▶ [REQUIRED WORK]:
What you hand back must match the records word for word, with no pictures.

Captioned web images
• • • • •

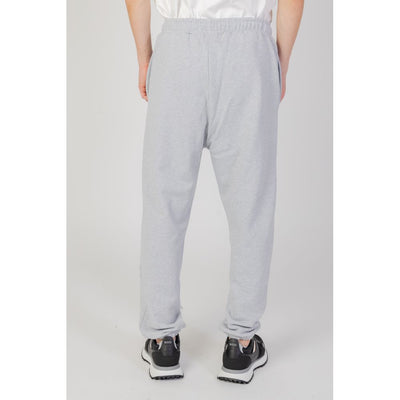 Underclub Grijze Katoenen Joggingbroek
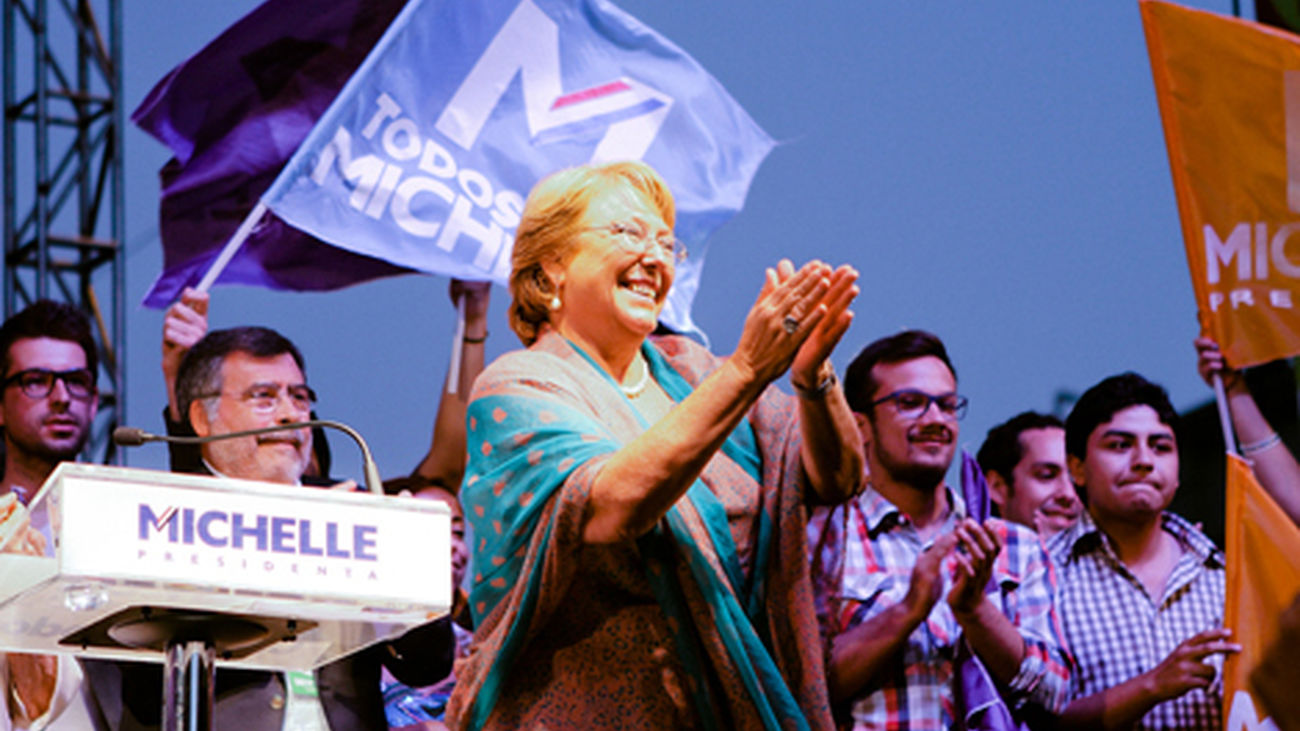 Bachelet: es importante que la gente vaya a votar y elija a quién quiera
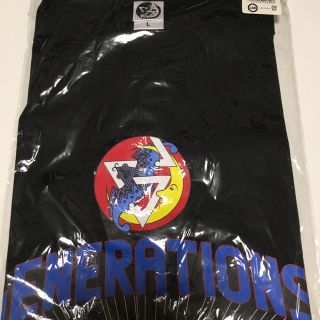 ジェネレーションズ(GENERATIONS)のGENERATIONS 少年クロニクル ツアーTシャツ(アイドルグッズ)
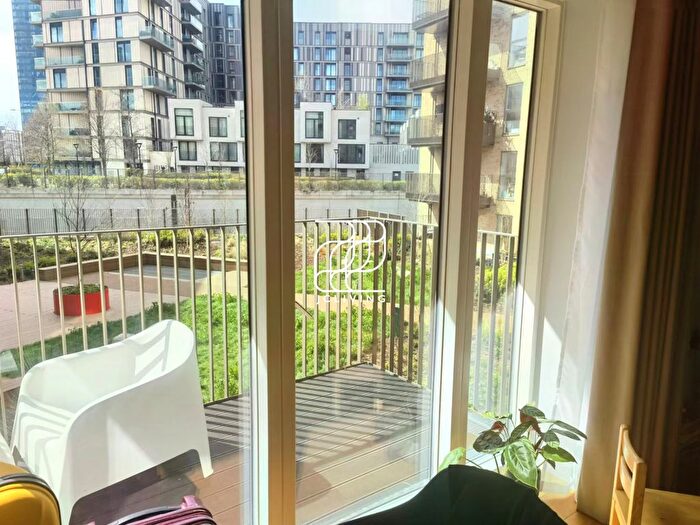 1 Bedroom Flat To Rent In London, E15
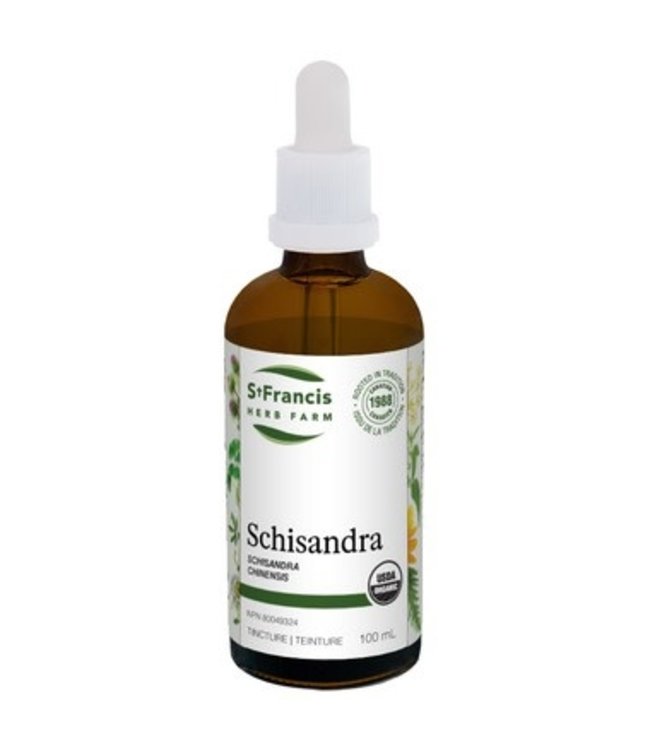 St Francis Schisandra 100ml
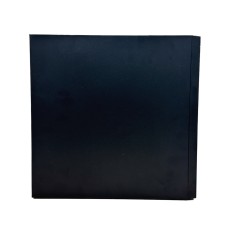 Корпус BS SFF Black-Red /БП/4хUSB3.0/CardReader/2xMic/Slim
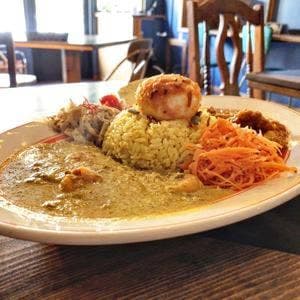 カレー屋 タケちゃん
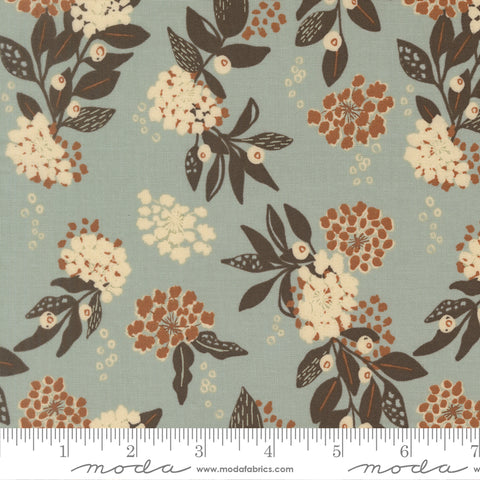 Moda Wellspring 45671 16 Storm Inflorescence By The Yard
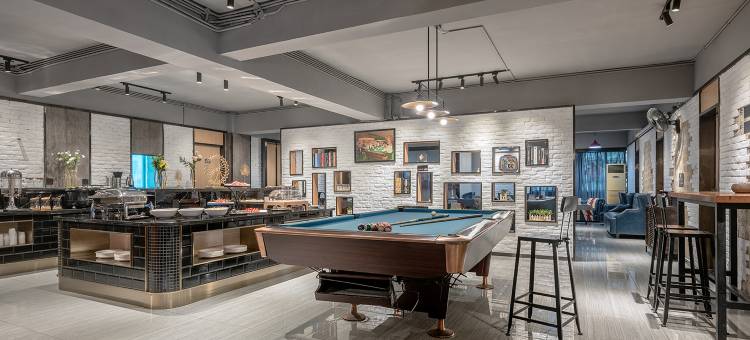 菲伦酒店(长沙五一广场IFS国金中心店)图片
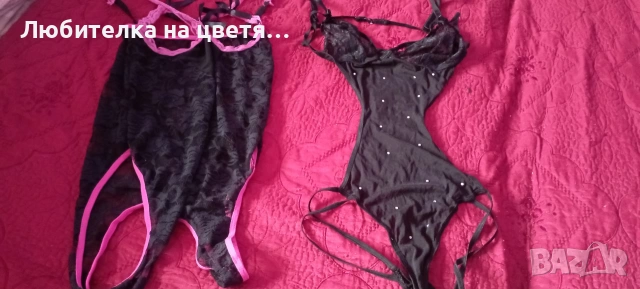 нощници,бодита и прашки,сутиени С- М размер, снимка 2 - Бельо - 53207548
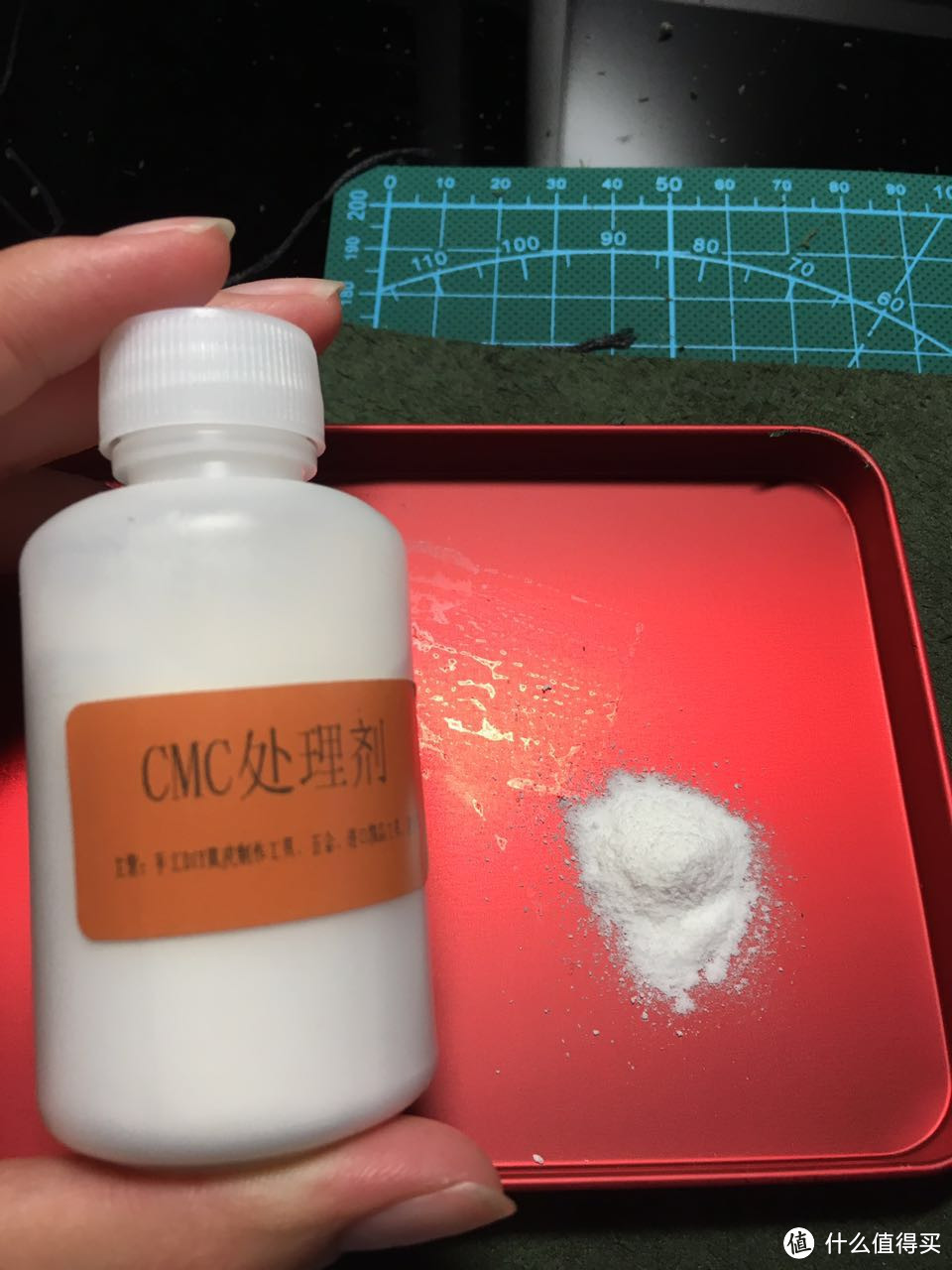 七夕礼物：皮艺小白的入坑路之手工钱包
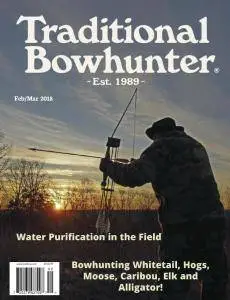 Traditional Bowhunter - February-March 2018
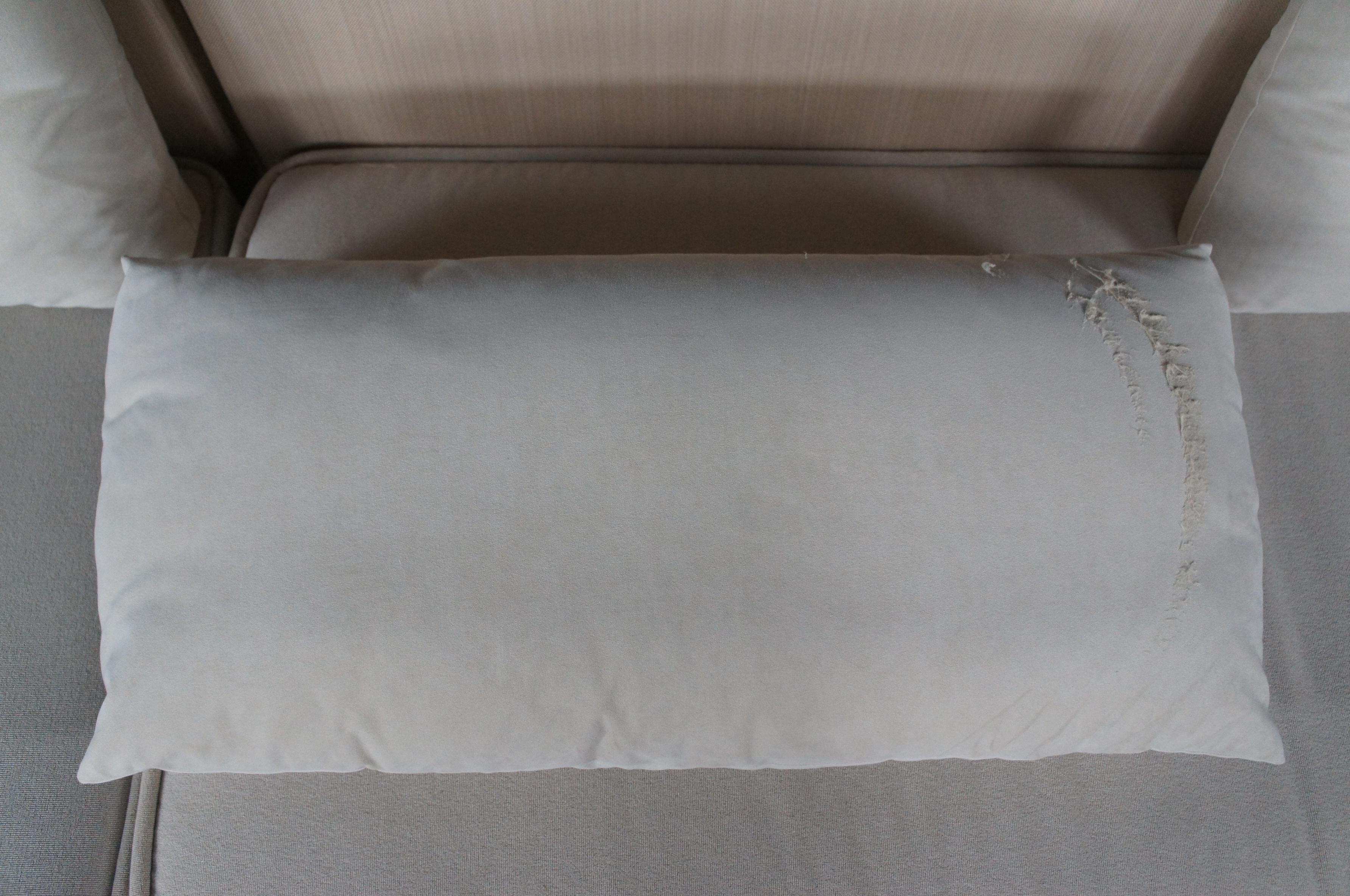 Mid-Century Modern Ligne Roset Nomad ii Adjustable Sectional Sleeper Sofa Bed 6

• • • • •

▶ [TASK SOLUTION]:
 Underclub Grijze Katoenen Joggingbroek
 Bachelet: es importante que la gente vaya a votar y elija a quién quiera
 ジェネレーションズ(GENERATIONS)のGENERATIONS 少年クロニクル ツアーTシャツ(アイドルグッズ)
 1 Bedroom Flat To Rent In London, E15
 St Francis Schisandra 100ml
 Корпус BS SFF Black-Red /БП/4хUSB3.0/CardReader/2xMic/Slim
 カレー屋 タケちゃん
 Moda Wellspring 45671 16 Storm Inflorescence By The Yard
 菲伦酒店(长沙五一广场IFS国金中心店)图片
 нощници,бодита и прашки,сутиени С- М размер, снимка 2 - Бельо - 53207548
 七夕礼物：皮艺小白的入坑路之手工钱包
 Traditional Bowhunter - February-March 2018
 Mid-Century Modern Ligne Roset Nomad ii Adjustable Sectional Sleeper Sofa Bed 6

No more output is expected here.